= Harold Kerzner =

American engineer and management consultant

Harold Kerzner (born ca 1940) is an American engineer, management consultant, Emeritus Professor of Systems Management at Baldwin Wallace University, and Sr. Executive Director for Project Management at the International Institute for Learning, known for his work in the field of project management.

== Education ==
Kerzner received an MS and PhD at the University of Illinois and an MBA at Utah State University.

==Career==
Kerzner started as an engineer at the Thiokol Corporation, where he worked in program management and project engineering.

In the early 1980s, he became Professor of Systems Management at Baldwin-Wallace College, now Baldwin Wallace University.

In 1998, Kerzner received the Distinguished Service Award for his contributions to project management from the Utah State University, and the University of Illinois granted him the Distinguished Recent Alumni Award. The Project Management Institute, the Northeast Ohio Chapter, annually grants the Kerzner Award for excellent achievements in project management to a company or individual.

Kerzner is the Executive Director for International Institute for Learning (IIL). With the company, he has authored numerous books about Project Management.
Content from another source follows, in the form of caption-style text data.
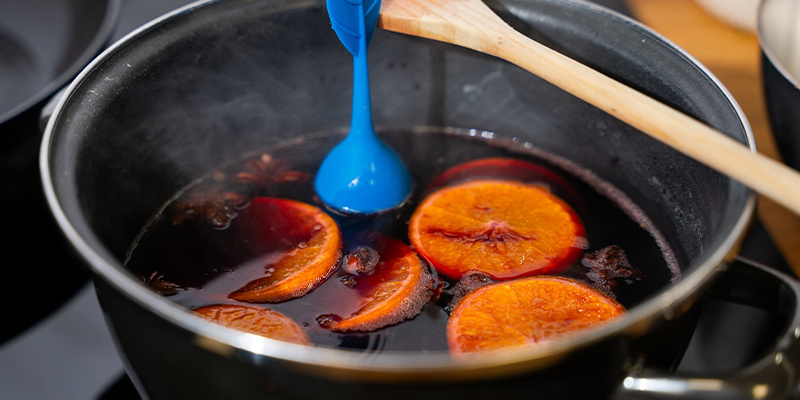 Gotuj na wolnym ogniu przez 1 godzinę, nie dopuszczając do wrzenia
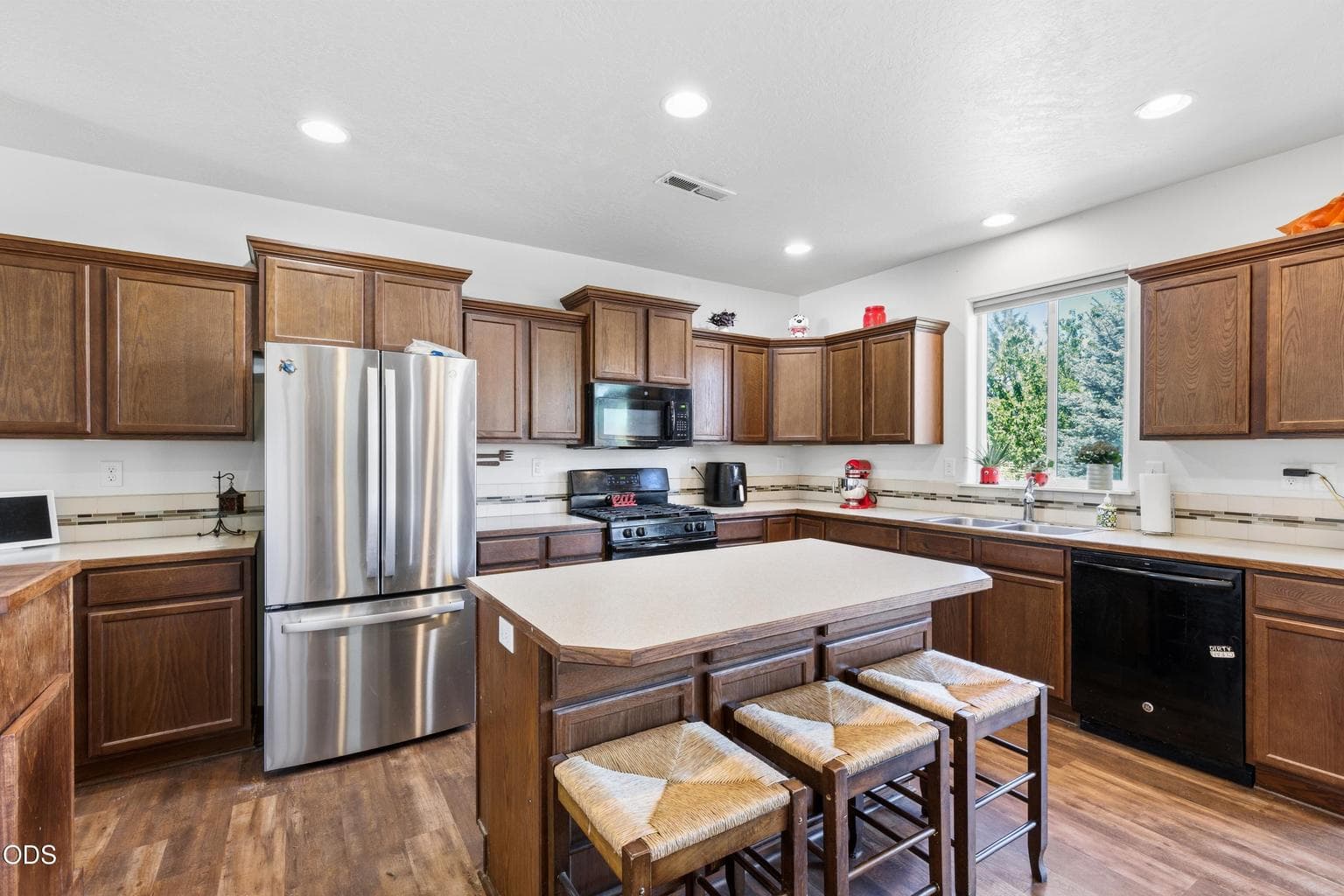 Photo of 21382 NE Eagle Crossing Avenue 10 of 44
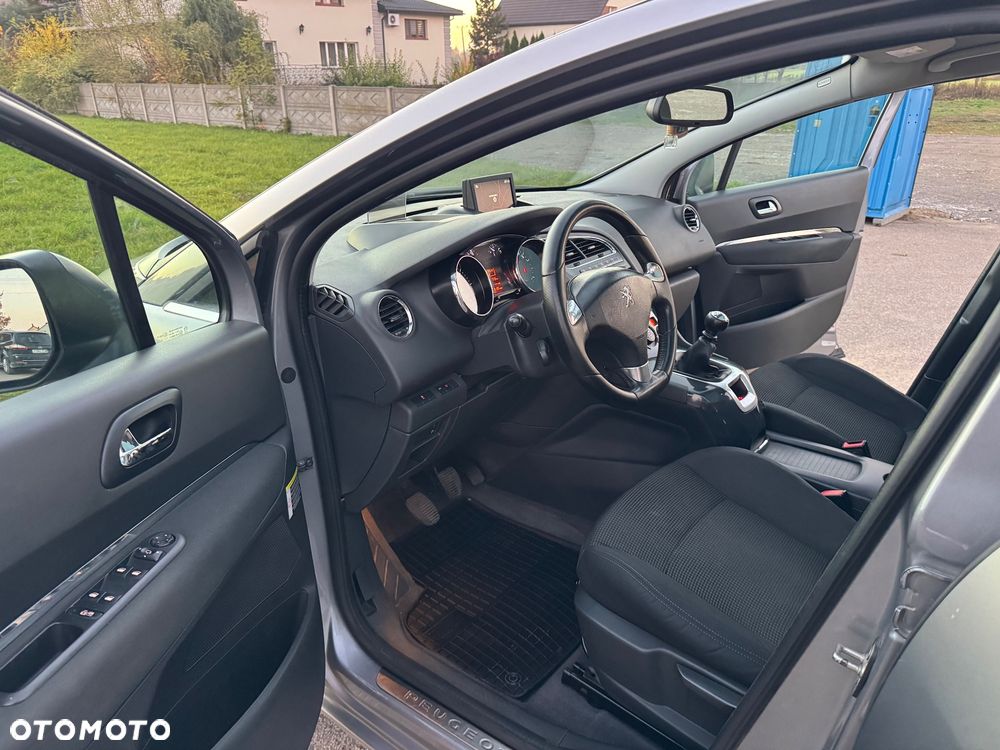 Peugeot 5008 2015 photo 5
== Selected publications ==
===Textbooks===
- 1979. Project management: a systems approach to planning, scheduling, and controlling New York : Van Nostrand Reinhold
- 1980. Project Management for Bankers. Van Nostrand Reinhold
- 1982. Project management for executives. New York : Van Nostrand Reinhold
- 1984. Project Management for the Small and Medium Sized Businesses. With Hans Thamhain. Van Nostrand Reinhold
- 1985, Project Management Policy and Strategy. With David Cleland. Van Nostrand Reinhold Publishers
- 1985. A project management dictionary of terms. With David I. Cleland. New York : Van Nostrand Reinhold
- 1986. Engineering Team Management. With David Cleland. Van Nostrand Reinhold
- 1986. Project Management Operating Guidelines. With Hans Thamhain. Van Nostrand Reinhold
- 1998. In Search of Excellence in Project Management. Van Nostrand Reinhold
- 1999. Project management: strategic design and implementation. With David I. Cleland
- 2002. Strategic planning for project management using a project management maturity model
- 2009. What Functional Managers Need to Know about Project Management. With Frank P. Saladis
- 2009. What Executives Need to Know about Project Management. With Frank P. Saladis
- 2009. Value-Driven Project Management. With Frank P. Saladis
- 2010. Managing Complex Projects.
- 2010. Project Management-Best Practices: Achieving Global Excellence, 2nd Ed.
- 2011. Project Management Metrics, KPIs and Dashboards, 1st Edition; 2nd Ed. 2013
- 2012. Project management case studies
- 2014. Project-Based Problem Solving & Decision Making. With Belack.
- 2014. Project Recovery: Case Studies and Techniques for Overcoming Project Failure
- 2014. Project Management Best Practices, 3rd Ed.
- 2015. PM 2.0
- 2017. Project Management: A Systems Approach to Planning, Scheduling and Controlling, 12th Ed.
- 2017. Project Management Workbook, 12th Ed.
- 2017. Project Management Case Studies, 5th Ed.
- 2017. Project Management Metrics, KPIs and Dashboards, 3rd Ed.
- 2018: Project Management Best Practices, 4th Ed.
- 2018. Defining Project Management Success with Application to Innovation Project Management Practices
- 2018. The Future of Project Management
- 2019. Using the Project Management Maturity Model, 3rd Ed.
- 2019. Innovation Project Management
- 2022. Project Management: A Systems Approach to Planning, Scheduling and Controlling, 13th Ed.

===Articles===
- 1987. "In search of excellence in project management" in: Journal of Systems Management, 1987
- 2003. "Strategic planning for a project office" in: Project Management Journal, 2003
- 2014. "Surviving Disasters in Project Management: An Interview with Dr. Harold Kerzner"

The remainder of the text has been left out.